I was planning my upcoming bee keeping season (and therefore, mead making season), and I was wondering if anyone here has ever sampled honey from their hives located in the same location, and found noticeable flavour/aroma differences. In theory, individual hives may visit different nectar sources, leading to different tasting honey...but I'm not sure whether there would be enough of a difference for us to identify with our human senses.

Bryan


----------



## Michael Bush (Aug 2, 2002)

Yes. The honey from different hives is often different.


----------



## crofter (May 5, 2011)

I have watched bees from different hives taking off in entirely different directions. Something about fidelity to one plant being advantageous to the plant for pollination and thus to the bees.


----------



## SWM (Nov 17, 2009)

I sometimes have honey on the same frame from different sources. One source dries up then other sources begin to bloom. The bees will put it wherever space is available. In my area there is usually a color difference which makes it easy to spot. It makes a unique natural blend and would be much too tedious to try and separate.


----------



## SuiGeneris (Feb 13, 2018)

Thanks - assuming a reasonable harvest this year I'm going to try to keep the honey from different hives separate, to see what difference it makes in a mead!


----------



## JackandPam'sPlace (Jan 16, 2015)

Last year I had the whole middle of 3 supers dark. I spun it all separate and in that same 3 supers was three different colors. The dark as it turns out was buckwheat and I don't have any so I posted in our local facebook page and found out there were two huge buckwheat areas right around the corner from my property. Who knew. Looking forward to see what the girls do this year


----------



## RBRamsey (Mar 1, 2015)

It goes further down in the hive. You can have different honey in the same hive. You can see the different nectar sources on the the same frame as different colors. I generally extract once a year in July. I know we have collected white clover, privet hedge, and poplar nectars. The clover is very light, and poplar is medium amber. Occasionally, I will see a black strip of honey in the frames. I decapped the black strip and extracted. It looks like burnt transmission fluid. Very dark with a red/purple hue. It tastes great with a slight fruity after taste. I believe this is the rare elusive Kudzu honey. That year, I bottled about 5 lbs of it.

Spend some time with your honey frames if you wanting different flavored honey. You may find some you really like.


----------



## Alex Madsen (Aug 26, 2018)

SuiGeneris said:


> Thanks - assuming a reasonable harvest this year I'm going to try to keep the honey from different hives separate, to see what difference it makes in a mead!


I guy spoke to our bee club that extracts and bottles honey frame by frame to avid mixing. or he will only scratch certain areas with the uncapper based on the honey color.
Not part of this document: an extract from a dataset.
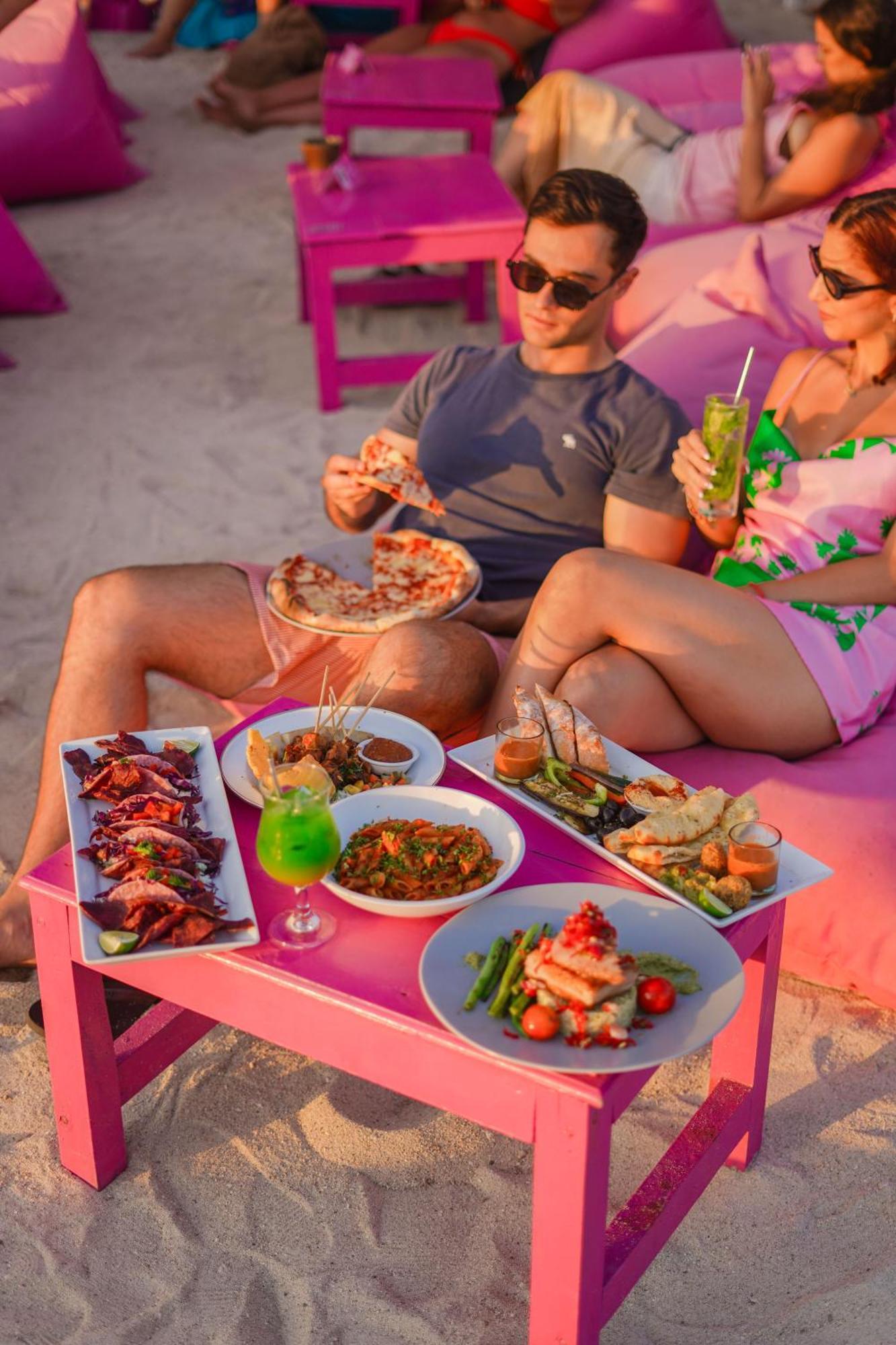 Pinkcoco Gili Trawangan - Constant Surprises - For Cool Adults Only Otel Dış mekan fotoğraf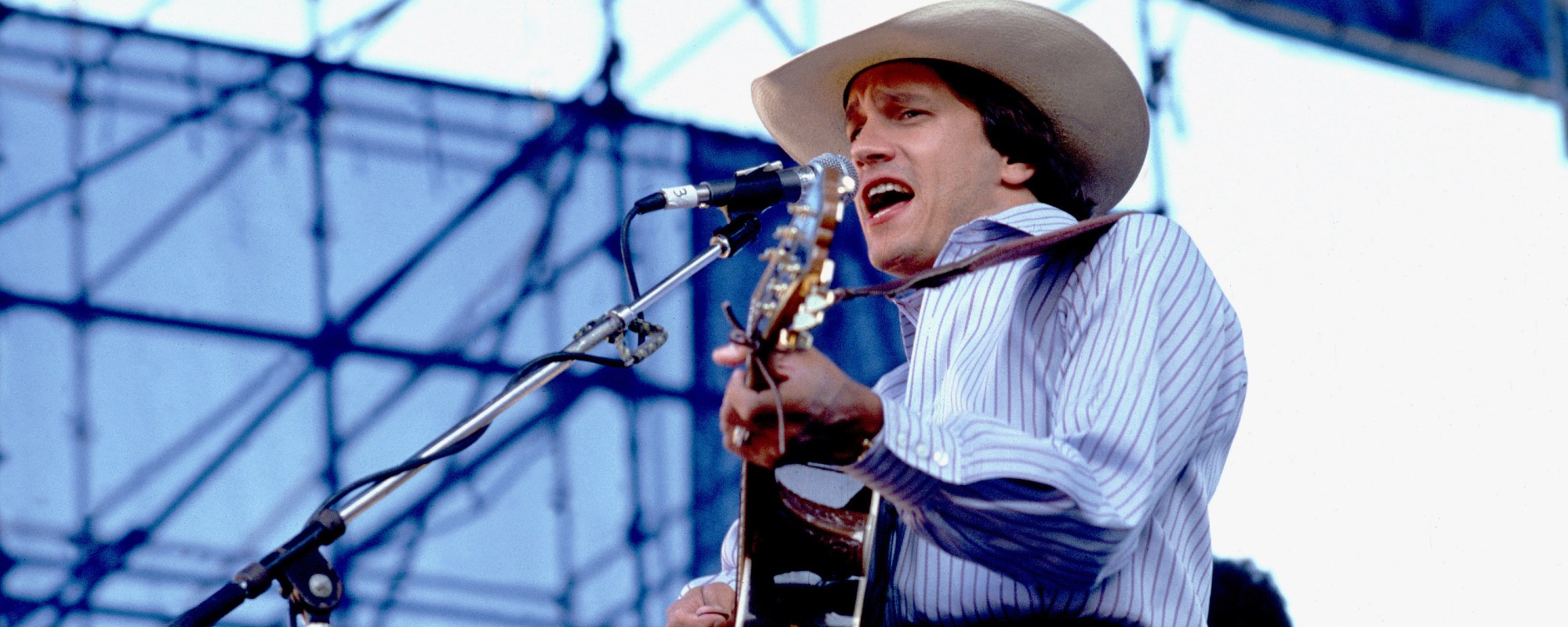 3 Country Songs From the 1980s That Didn’t Hit No. 1, but Still Became Legendary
He will get 30 different colors/flavors of honey in a season. He claims he can get a 3X premium at a boutique store for this. "why would you take different vintages of fine wine and dump them in the same bucket?"


----------



## GregB (Dec 26, 2017)

I went ahead and cut out a half-frame so we get to taste the real maple/willow early honey.
Delicious - to die for.
The real deal.
Forget clover.


----------